Hy Vee Nutrition Tips for Runners

By: April Graff, MS, RD, LD. Hy-Vee Dietitian

Fall is filled with end-of-summer trips, back to school, sports, activities, and a crammed schedule. Meals that are quick, nutritious, and mobile are vital this time of year. Enter meals in a bowl.

Bowl meals are the perfect fall meal option because you can prep them ahead of time, each person can choose the ingredients they want to include, you can take them with you on your adventures, and the never-ending possibilities of ingredients ensure you won’t be bored.

When planning your bowl meal, don’t get stuck in the weeds or lost in the lists. See what you have on hand and add options from each category that make sense. I suggest doing an inventory of items you have that need to be used up, or a flavor/theme you’d like to have and build your bowl ingredients around it.

Vegetables: (raw, roasted, cooked, frozen – cooked, canned)

  • Greens: arugula, romaine, cabbage, kale, spinach
  • Asparagus
  • Avocado
  • Carrots
  • Tomatoes
  • Cucumber
  • Broccoli + Cauliflower
  • Zucchini
  • Green beans
  • Onions
  • Mushrooms
  • Bell peppers
  • Brussels sprouts


Proteins:

  • Chicken
  • Steak
  • Fish
  • Beans + Lentils
  • Edamame
  • Pork roast
  • Taco meat
  • Eggs


Whole Grains/Carbs:

  • Roasted corn
  • Whole grains: farro, bulgur, brown rice, wild rice, quinoa
  • Cooked pasta
  • Roasted potatoes (white, baby reds, sweet, etc)


Seasonings and Sauces:

  • Salsa and pico de gallo
  • Tzatziki
  • Hummus (doubles as protein)
  • Pesto
  • Ranch dressing
  • Greek yogurt-based dressings
  • Olive oil, vinegar, or vinegar-based dressings
  • Lemon and lime juice
  • Taco sauce
  • Guacamole
  • Hoisin sauce
  • Peanut sauce


Crunchies and Extras
– sprinkled on top for a bit of flavor, texture and fun!

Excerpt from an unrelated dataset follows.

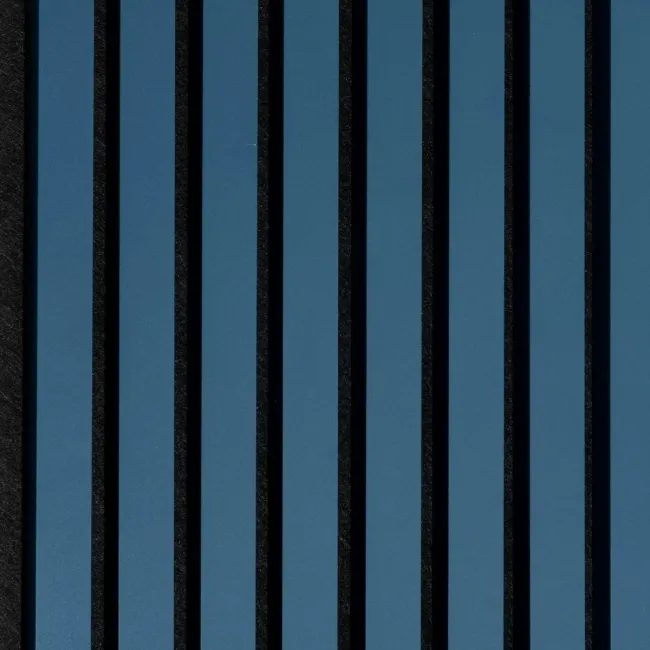 Trepanel® Denim Blue Acoustic Wall Panels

  • Nuts and seeds: pepitas, walnuts, peanuts, pistachios, slivered almonds
  • Cheese: parmesan, feta, goat cheese, cheddar cheese, fresh mozzarella
  • Chips: tortilla chips or nacho-flavored chips
  • Olives: green, black, or kalamata
  • Banana peppers and pepperoncini peppers
  • Pickled onions

Recipe: Autumn Vegetable Buddah Bowls | Hy-Vee

 The information is not intended as medical advice. Please consult a medical professional for individual advice.